Searching for some way to break the stillness, she held out her Home Depot bags. Worried he might bolt at any loud noise, she whispered. “Hey, look what I got.”

She could feel his eyes on her. He stared for a long moment at this American holding up mangoes for appreciation on a dirt street from which all the residents had fled.

“Christ,” he murmured. He looked up and down the street. “Maybe the
féticheuse
helps you.” He jerked into action, leading the way, his steps a little uneven. Perhaps his awkward walk came from the shock of whatever he'd learned or maybe he'd taken a drink to bolster his nerve.

He turned down an alleyway no wider than his shoulders. Following, Max had to twist sideways to squeeze past some stacked jerricans.

She asked, “What's a
féticheuse
?”

Mutara struggled for a translation. “She has much power, might help keep you safe. Come, fast fast. We don't meet Dubois for twenty minutes. It is better you are off the street.”
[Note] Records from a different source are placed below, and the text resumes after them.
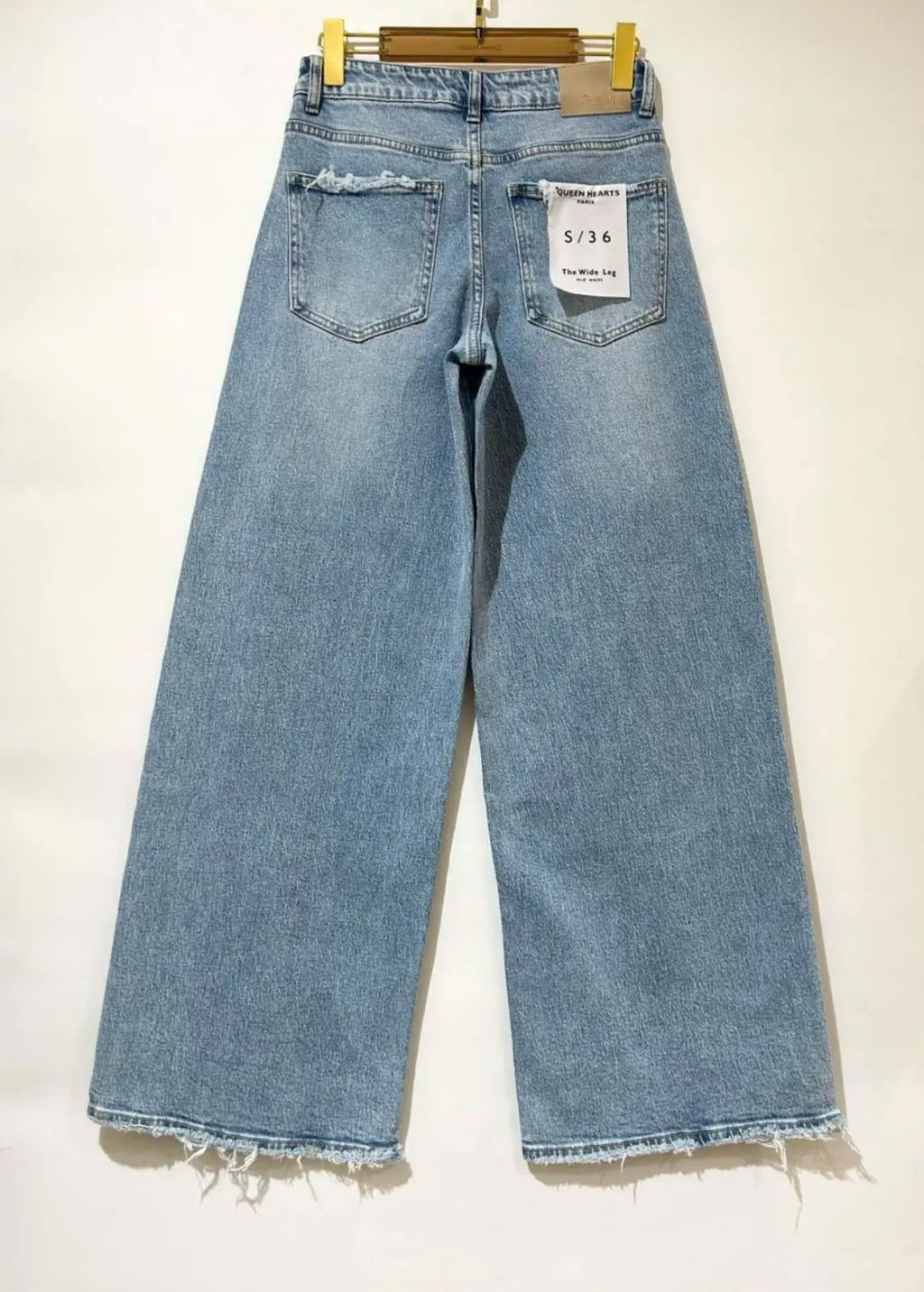 Calças Wide Leg Queen Hearts - Basic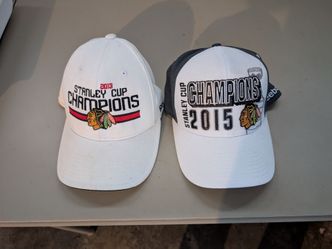 Chicago Blackhawk Championship Hats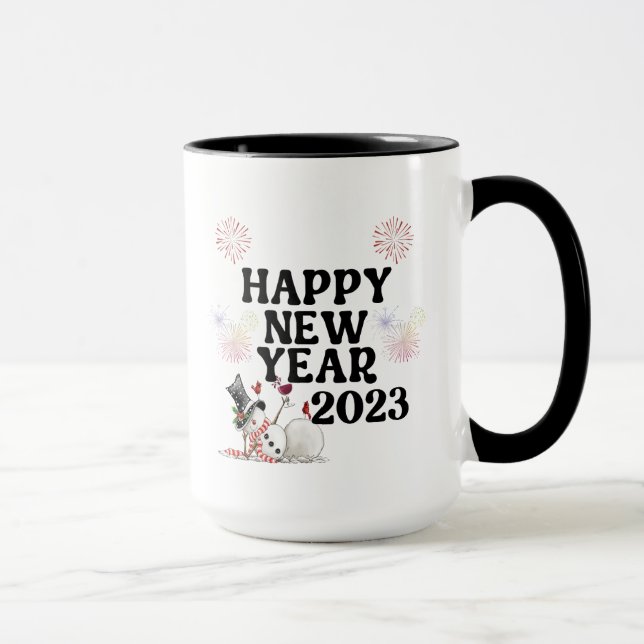 Taza de Feliz Año Nuevo (Derecha)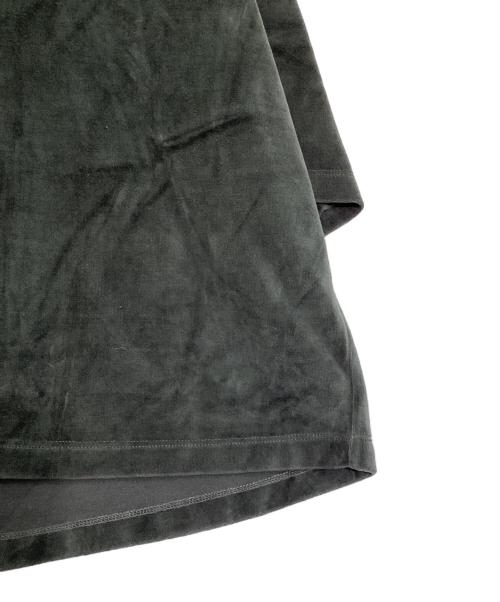 TIGHTBOOTH PRODUCTION（タイトブースプロダクション）TIGHTBOOTH PRODUCTION (タイトブースプロダクション) BITE VELOUR 3/4 SLEEVE TEE/バイト ベロア スリークォーター スリーブティー グレー サイズ:XLの古着・服飾アイテム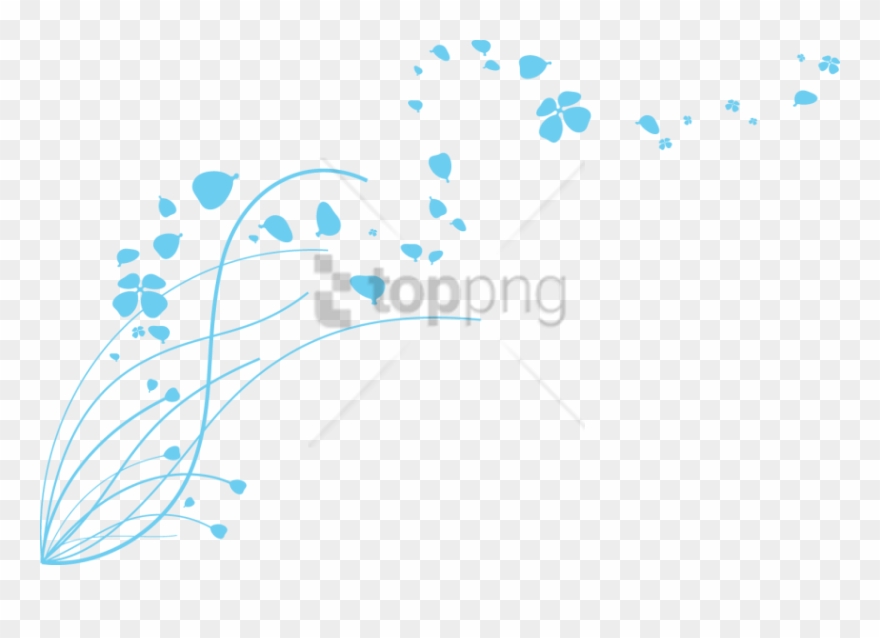 Free Png Horizontal Line Design Png Png Image With - Horizontal Floral Design Clipart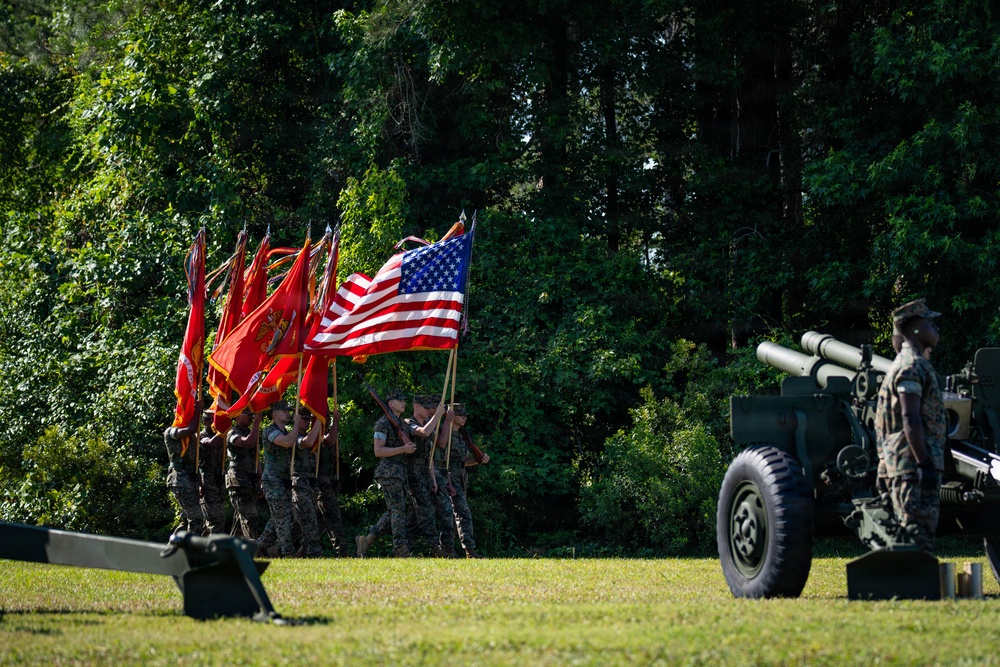 2nd Marine Logistics Group Change of Command Ceremony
The door consisted of a gray plastic tarp hung across an entrance. It crinkled noisily as Mutara pushed it out of the way. Inside, the room was dark, no windows, no lights. Blinking, she halted. Something dripped; there was the smell of rotting meat and, behind that, the musk of drying plants. By scent she recognized tobacco leaves, mint, datura, and what she thought might be belladonna. She sucked in these smells. At least here was something she understood.

In the muted light of the tarp, a yellow ruffled dress rustled toward them, the only thing gleaming in the room. For one terrifying moment she thought “Kutu,” then saw instead this was an old woman, canted to one side by age.

The
féticheuse
stepped in nearer to Max than any American would. Unnerved by the proximity, Max glanced at her while starting to back up. The woman's eyes were smoky blue with cataracts. In the light through the tarp, they gleamed like cloudy marbles. Max could stare right into them, her nerves jangling no more than when she looked at an elbow. She stopped, fascinated.

“Ask her where the townspeople went,” Max whispered, glancing over her shoulder for Mutara.

It took her a moment to spot him, standing motionless in a dark corner by the door. “Shh,” he said.

The woman's eyes were pointed off to the side, looking nowhere, her head cocked. She seemed to be listening to Max even though Max wasn't speaking. She seemed to be listening to something quite complex. Her concentration was somehow familiar, the depth of her stillness.

The woman inhaled and placed her hand on Max's face, covering her eyes. Waiting. The feel of a calloused palm.

And Max stayed still for this. The
féticheuse
didn't move her hand—the touch as calm as her dad's.

Or maybe the gorillas were changing Max.

When Max opened her eyes, the woman had moved away. She asked Mutara a question and he answered, the
click-clack
of those consonants. Nodding, the woman took a rolled-up leather mat from a plastic bag and knelt painfully down to unwind it.

Whatever was inside the mat, the old woman scooped into her hands to shake like dice and then drop. White toothpicks scattered across the leather. Max leaned closer, saw these were some type of bones. Behind her, the kerosene fridge grumbled.

A fortune-teller, she understood. Her eyes were adjusting to the light. The hacked-off leg of an animal hung from the wall dripping blood into a bucket. Clusters of drying leaves and roots dangled from nails in the ceiling. A basin of laundry sat on the beaten earth floor. Several bags lay scattered around, half packed with food and clothes.

The
féticheuse
patted the bones with her fingertips, so gently not one of them moved. She spoke and Mutara translated. Her eyes pointed off toward the wall, as emotive as knees. “No husband. No father. No children.”

Her concentration was complete, her body motionless except for her fingertips, listening to the universe spin. If she wasn't an aspie, she'd somehow earned this stillness.

“Trouble. Death. A body on the ground.”

“A human body?” asked Max.

The woman made no response.

Max found herself staring at the
féticheuse
's dress, ruffled and frivolous as a Barbie's. Because of her tilted body, the low V-neck hung slightly off center, revealing the crease of one withered dug.